元々大きな段差のある地形のようだ。その上の部分に木が生えて、その根が段差を隠すように迫り出していた。 落ち葉に埋もれていて、それに気付かずフィオラが打ち抜いてしまったというわけだ。
「あれ……何だろ」
上の段に登れないか探っていると、木の根に隠れて横穴が空いているのを見つけた。
洞穴と呼ぶには些か小さい。体の小さいフィオラなら余裕で入れるくらいの大きさだった。
「何かの巣かな?」
深い森以外の場所に魔物がいないわけではない。
もしかしたら、魔物の巣かもしれない。と、フィオラはわくわく(?)しながら穴に侵入した。

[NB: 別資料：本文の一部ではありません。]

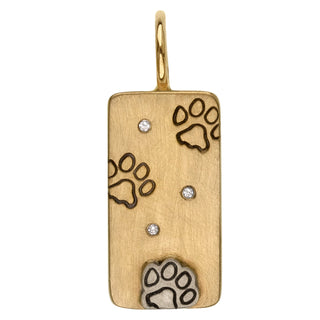 Gold Paw Print ID Tag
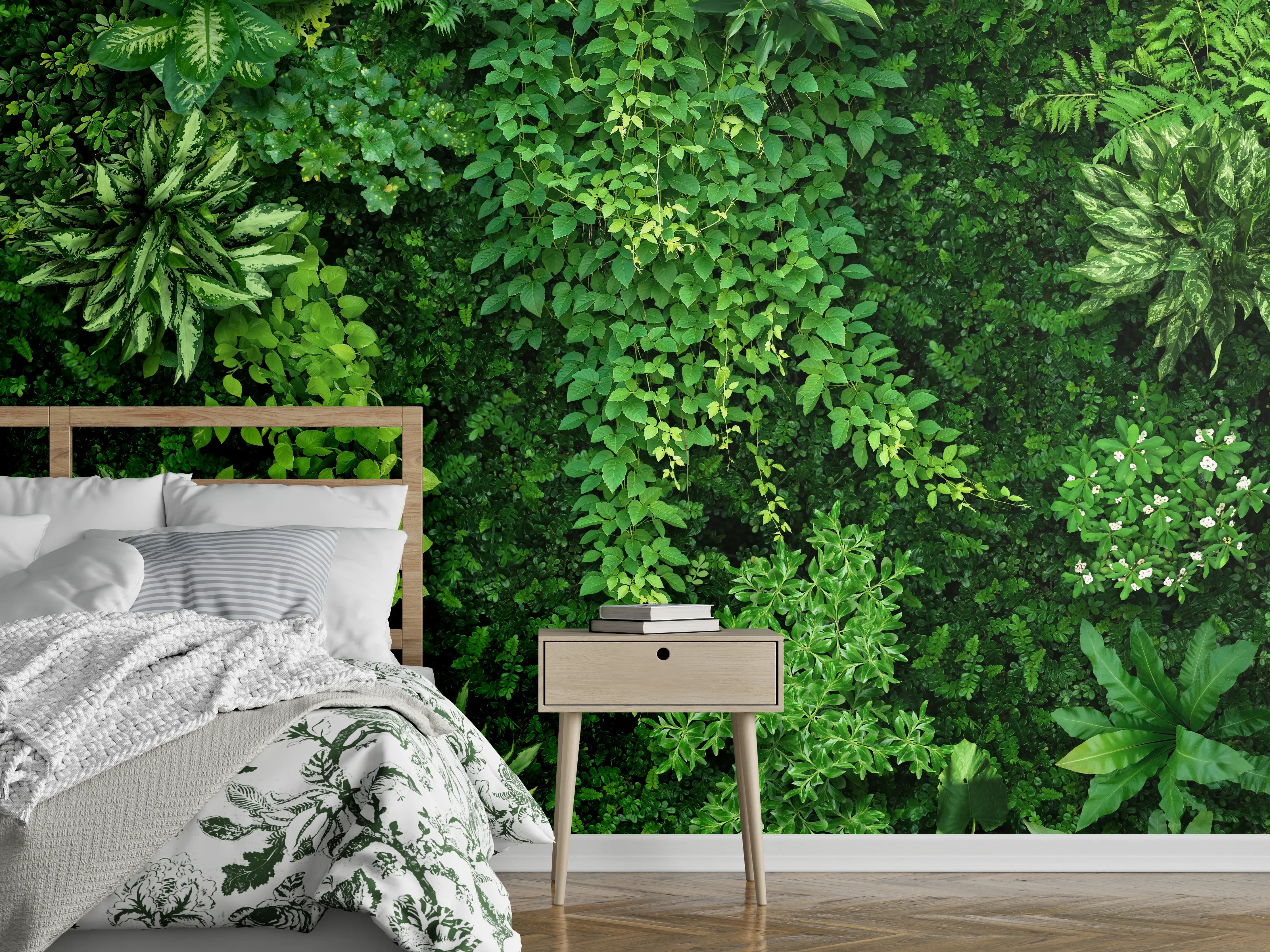 Wandverkleidung Schlafzimmer - Üppige grüne Pflanzenwand Naturdekor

穴の中は少し広くなっていて、柔らかめの草がわさわさと敷かれている。どう見ても寝床。
「おおっ!やっぱり!何の巣だろ」
どうやらこの巣の持ち主は不在のようだが、何かが住んでいるのは間違いない。
フィオラはこの巣の持ち主を探るべく、寝床にしているのだろう草の敷物を調べ始めた。
『何してるのですか……』
「毛でも落ちてたら、何の獣か分かるかも知れないじゃん?」
やはりレイは呆れていたが、気になるのだから仕方ない。
ふぁさっ。と、草を掻き分けてみる。
特に獣の痕跡らしきものは見当たらなかったが、その代わりに地面に四角い石が埋まっているのを発見した。 自然に四角くなった様には見えない。どう見ても人工的に削られた物だ。
「ねぇ、レイ。石が埋まってる。何だろこれ?」
『……さあ?』
振り返ったフィオラに、レイは首を傾げる。
そりゃ、そうか。と、フィオラは石の上に草を戻そうとして、ふと感じた既視感に手を止めた。

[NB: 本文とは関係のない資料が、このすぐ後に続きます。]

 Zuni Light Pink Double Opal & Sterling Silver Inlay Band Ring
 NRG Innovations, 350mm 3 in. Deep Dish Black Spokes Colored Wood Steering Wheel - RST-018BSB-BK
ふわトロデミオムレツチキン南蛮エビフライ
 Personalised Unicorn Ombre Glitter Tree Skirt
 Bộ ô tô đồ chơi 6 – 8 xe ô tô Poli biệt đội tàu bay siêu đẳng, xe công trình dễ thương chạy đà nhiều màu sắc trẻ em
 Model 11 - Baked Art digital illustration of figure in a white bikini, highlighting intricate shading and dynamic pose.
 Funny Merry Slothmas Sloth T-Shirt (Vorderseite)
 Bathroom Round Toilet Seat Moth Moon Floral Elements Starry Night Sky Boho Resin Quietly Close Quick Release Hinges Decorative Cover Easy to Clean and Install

そして、じっと、その四角い石を見る。と、思ったら、急にその石の周りの地面を掘り出した。
『フィオラ。急にどうしたのですか?』
「ん……ちょっと」
突然のフィオラの奇行に、レイがきょとんとしている。
フィオラは、説明もそこそこに地面を掘り進めた。
素手では事足りず、尖った石を見付けると更に掘り進める。暫くして、やっと地面に埋まっていた石の全貌が見えてきた。
「やっぱり……」
まだ石は地面に埋まったままだが、それは石で出来た箱だった。30センチ四方で、そんなに大きくはない。
『フィオラ。やっぱり、とは?』
「同じ様なやつが、ウチの畑からも出て来たんだよ」
それは、まだレイと出会う前。
小屋の裏の畑を耕している時に見付けた。
「ほら、レイと初めて会った時にさ、丁度レイが居た辺りにあったんだよ。掘り返して直ぐに埋めちゃったから、レイは見てないと思うけど」
言いながら、フィオラは今掘り出した石の箱の蓋を開けようと試みる。
大きくなくても、石で出来ているために重い。開けるのは容易ではなかったが、何とか蓋をずらすことに成功した。

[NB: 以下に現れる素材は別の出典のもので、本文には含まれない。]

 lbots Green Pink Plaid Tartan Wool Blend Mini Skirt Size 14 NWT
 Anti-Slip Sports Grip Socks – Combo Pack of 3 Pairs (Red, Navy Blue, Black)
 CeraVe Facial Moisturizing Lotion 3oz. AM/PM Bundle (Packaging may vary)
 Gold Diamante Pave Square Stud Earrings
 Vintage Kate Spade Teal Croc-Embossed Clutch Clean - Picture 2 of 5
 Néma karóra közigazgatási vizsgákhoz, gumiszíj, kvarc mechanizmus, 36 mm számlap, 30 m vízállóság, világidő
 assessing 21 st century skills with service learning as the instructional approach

半分ほど蓋が開いた時だった。箱の中から放射状に黒い光りが飛び出した。
「……っ!!」
黒い光りというのもおかしな表現だが、靄という感じでもない。 その黒い光りは、フィオラが二回ほどまばたきをしている間に消え失せた。
「レイ!今の見た?!今の何?!」
『いえ……見ていませんでした』
嘘でしょ?!と、フィオラはレイを振り返る。
レイは、何ともいえない神妙な面持ちをしていた。
『何を見たのですか?』
「……黒い何かが……いや、何でもない」
小屋の裏で見付けた物もそうだった。あの時も、フィオラは箱を開けた。そして、あの時も、同じ様に光りが放たれた。そして、直ぐに消えた。
ただ、あの時と違うのは光りの色……
あの時は、赤い光りだった。
どちらにしても、もう何もない。石櫃の中は空っぽだ。
大したことではないだろうとフィオラは口を噤むと、再び苦労しながら蓋を戻した。
『あ、フィオラ……』
「今度は、何……っ!!」
これでよし。と、思ったところで、申し訳なさそうにレイが声を掛けてきた。
フィオラは何の気なしに振り返り、はっとする。
横穴の入口に、この巣穴の持ち主がこちらを威嚇する様に毛を逆立てていた。